# Try it:
Skip all pictures. Write out the data below from its first line through the line that contains "Holzbalkon mit weißer".

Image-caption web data

..........

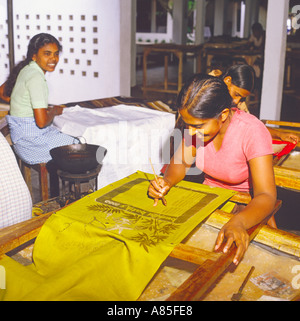 Deux jeunes filles du Sri Lanka était assis sur des bancs appliquer de la cire sur les documents d'une fabrique de batik Sri Lanka Banque D'Images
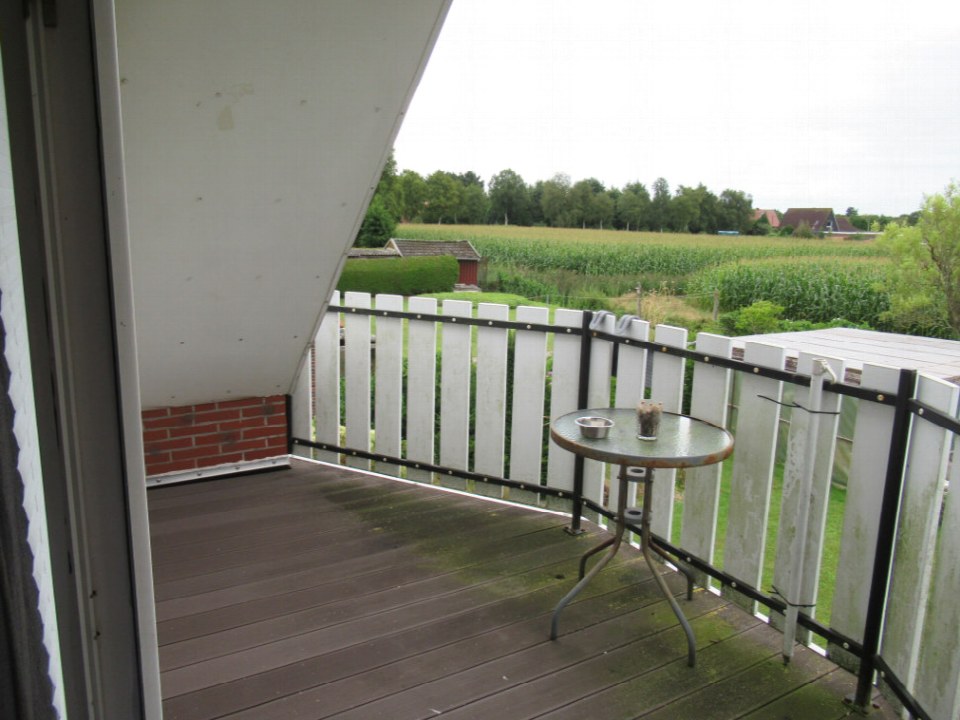 Holzbalkon mit weißer Brüstung und kleinem Tisch, Blick auf Feld und Bäume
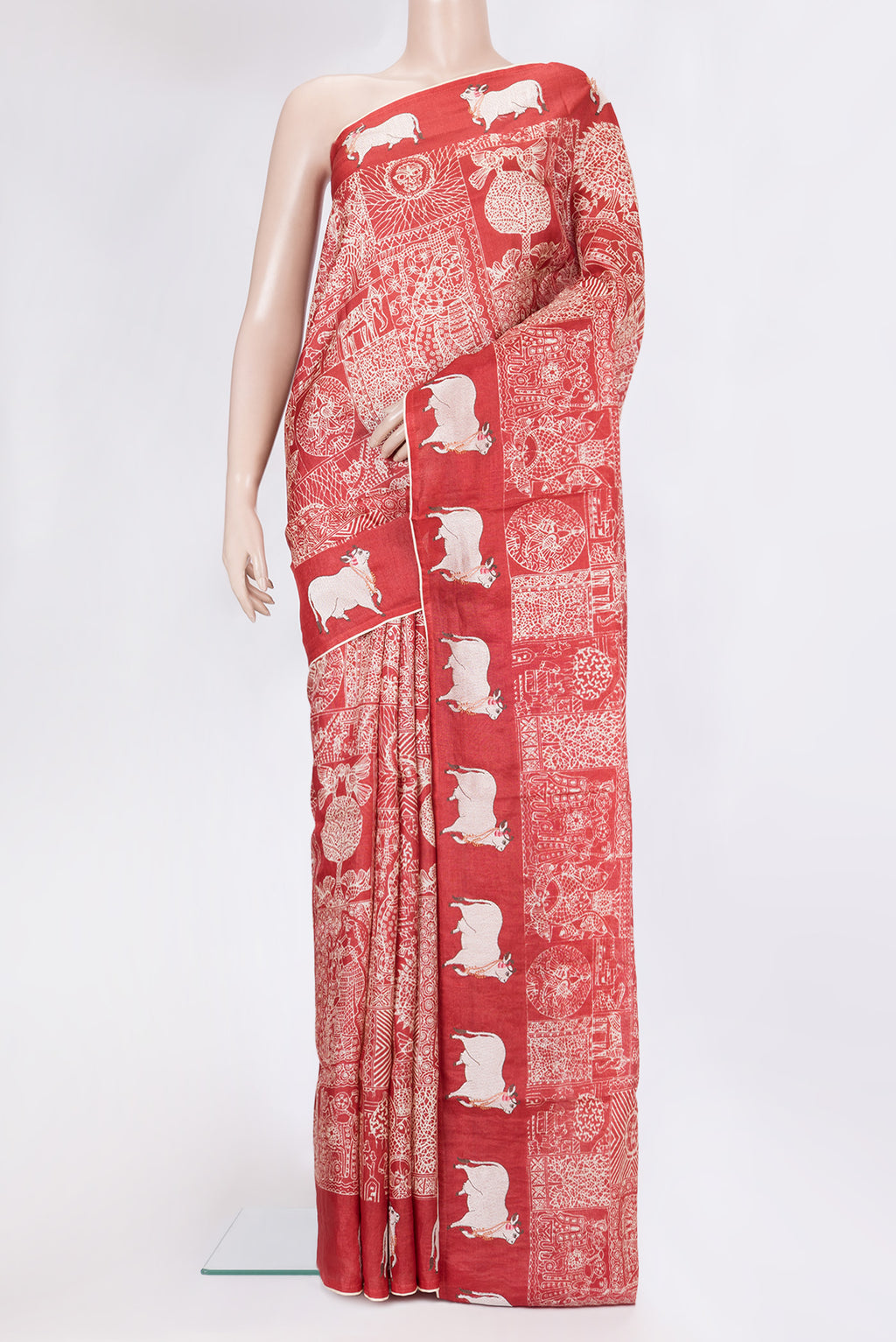 Red Tussar Silk Saree with Printed design on the body and Fancy Border.  displayed on a mannequin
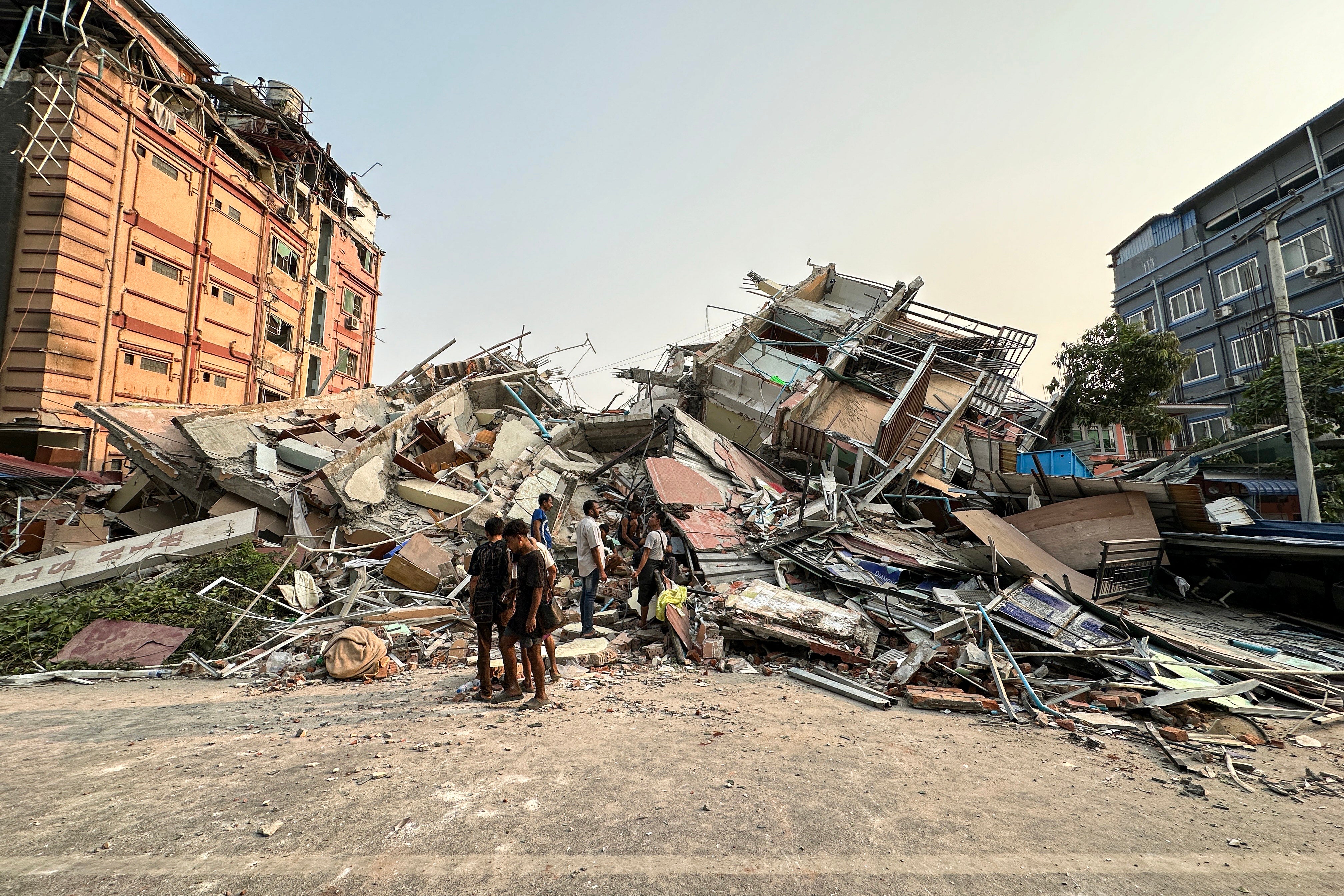 People stand near debris of a collapsed building following an earthquake in Mandalay, Myanmar, on 28 March 2025
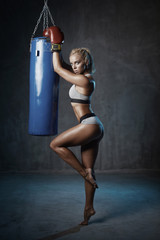 Portrait of sexy hot blonde boxer woman in red boxing gloves and grey sports bra and panties standing near blue punching bag without shoes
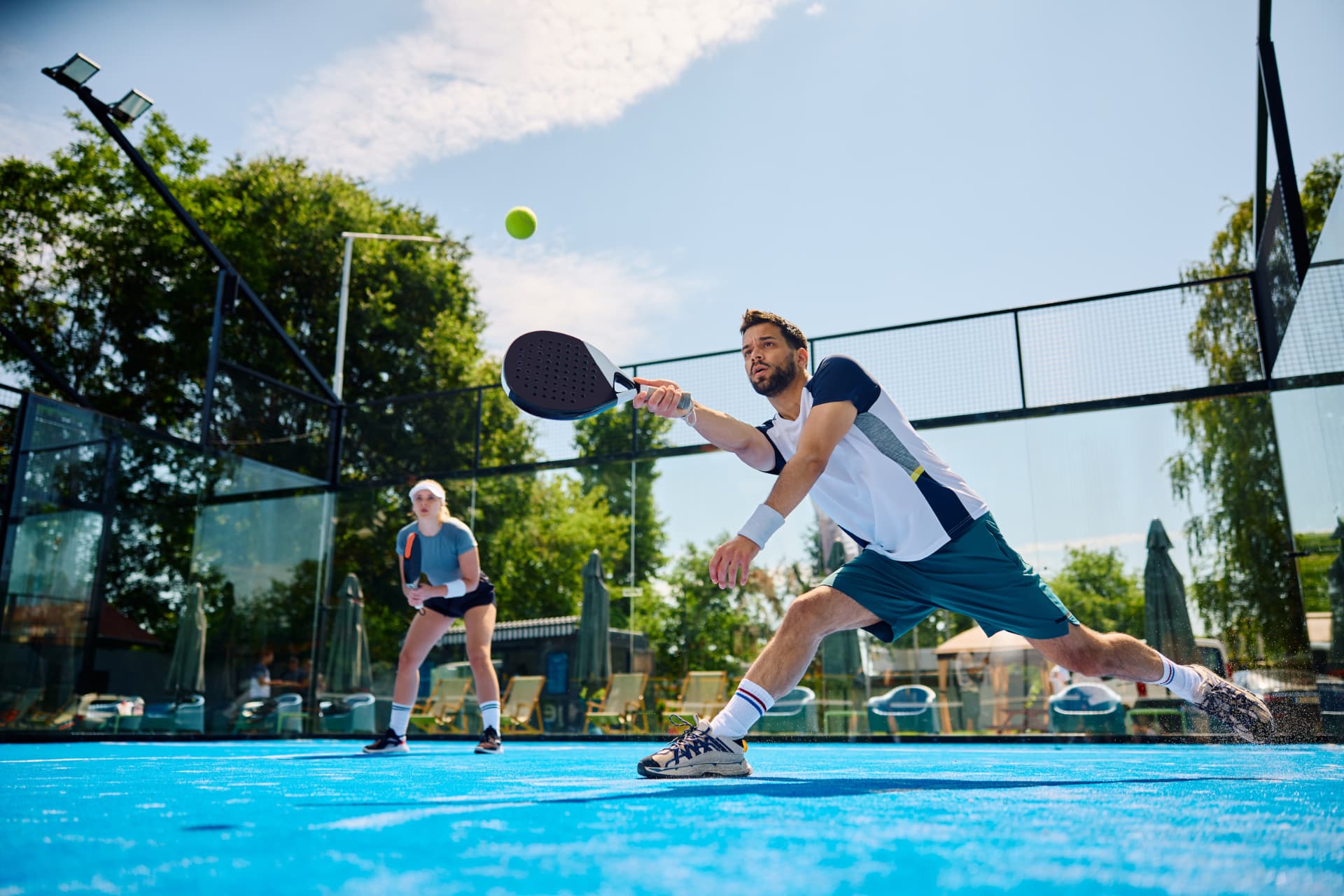 A player lunging to reach the ball on an outdoor court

..........

# Solution:
 Deux jeunes filles du Sri Lanka était assis sur des bancs appliquer de la cire sur les documents d'une fabrique de batik Sri Lanka Banque D'Images
 Holzbalkon mit weißer Brüstung und kleinem Tisch, Blick auf Feld und Bäume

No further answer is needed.